Stela Solar, newly installed head of the CSIRO’s National AI Centre, said on Monday Australians have a “higher benchmark of trust” that needs to be met.

“It comes with our natural leaning towards being a little bit more sceptical,” she told a conference.

Regulatory systems and business operations need to catch up to anything new.

She said the technology was covered by privacy, anti-discrimination and harassment frameworks, and corporate requirements, but AI was taking us into new areas that were not defined or able to be governed.

For example, recording text messages and conversations with a loved one could be used to create a “bot” to generate future chats.

Ms Solar said a consumer had the right to know how their data was being used in systems, algorithms and decision making, and companies needed to be able to show them.

“The intention is to create a framework for us to start navigating the unknown, while the legal standards and regulatory system catches up.”

Self-confessed “robotics enthusiast” Sue Keay works in the mining industry and is part of a push for Australia to develop its own industry.

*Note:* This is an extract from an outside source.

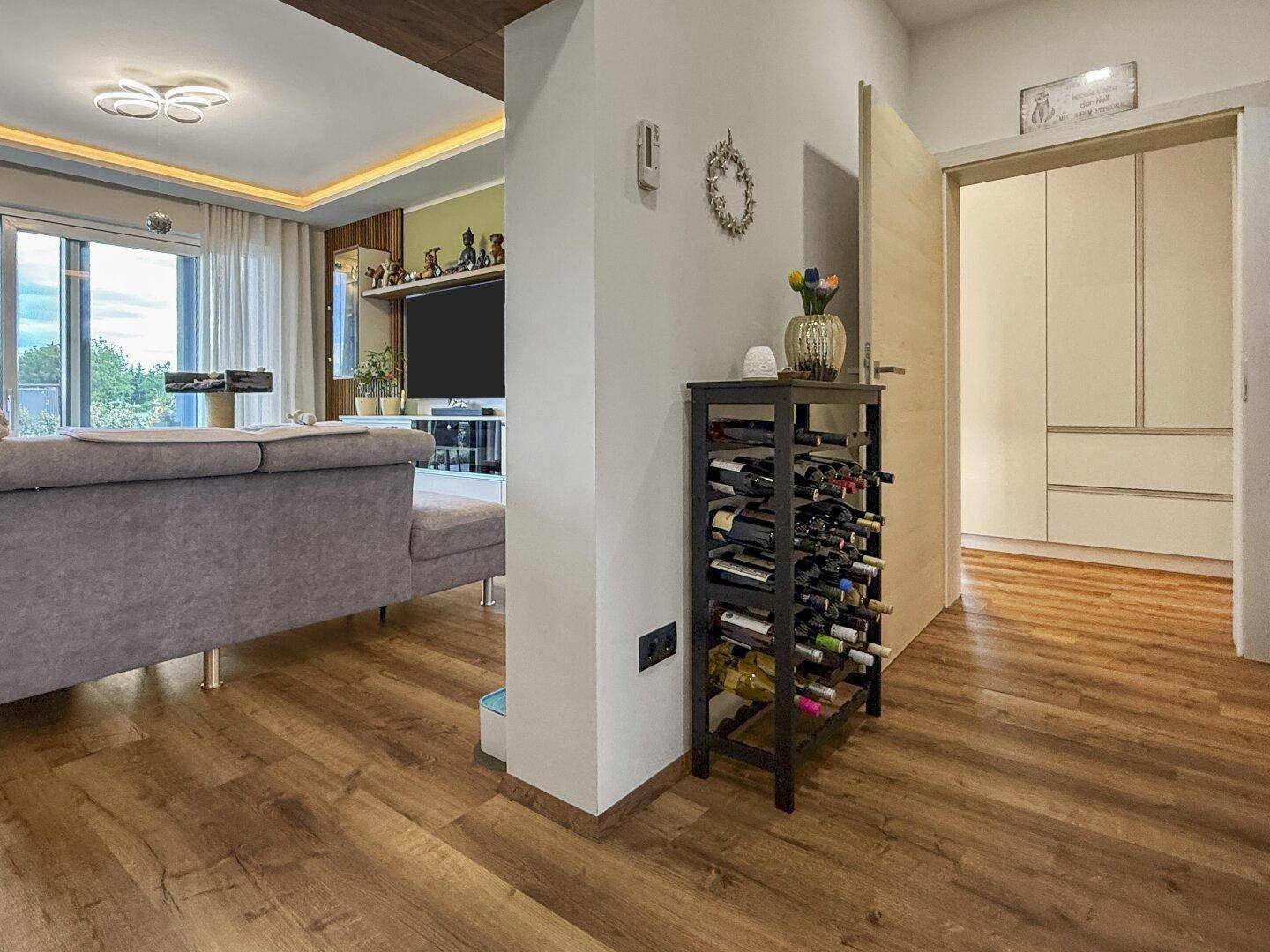 Moderner Wohnbereich mit Holzboden, Sofa und einem praktischen Weinregal als Raumteiler.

“A healthy dose of FOMO (fear of missing out) in Australia around AI would actually be quite useful,” the chair of the Robotics Australia Group said.

“I really have grave concerns that we’re not very well prepared for this brave new world that is coming on fast.”

Ms Keay told the Governance Institute conference that change was “unstoppable” despite Australia being a slow adopter of these technologies.

She called for Australia to make it easier for ethics to be embedded in the design and build phase of new technologies.

A tool developed for a legal firm to identify which cases could be won quickly and make the most money, for example, found they should only take on cases for men, she said.

“With our judicial system, cases for men do tend to go through more quickly and the payouts are higher.

“That is not the fault of the AI developers, it is not the fault of the company who wants to maximise its profits, but what do they do with this information?”

Fortunately, the company took an ethical approach and decided they didn’t want the tool, preferring to guarantee they would represent women, she said.

But the ethical approach on AI remains voluntary – here and elsewhere.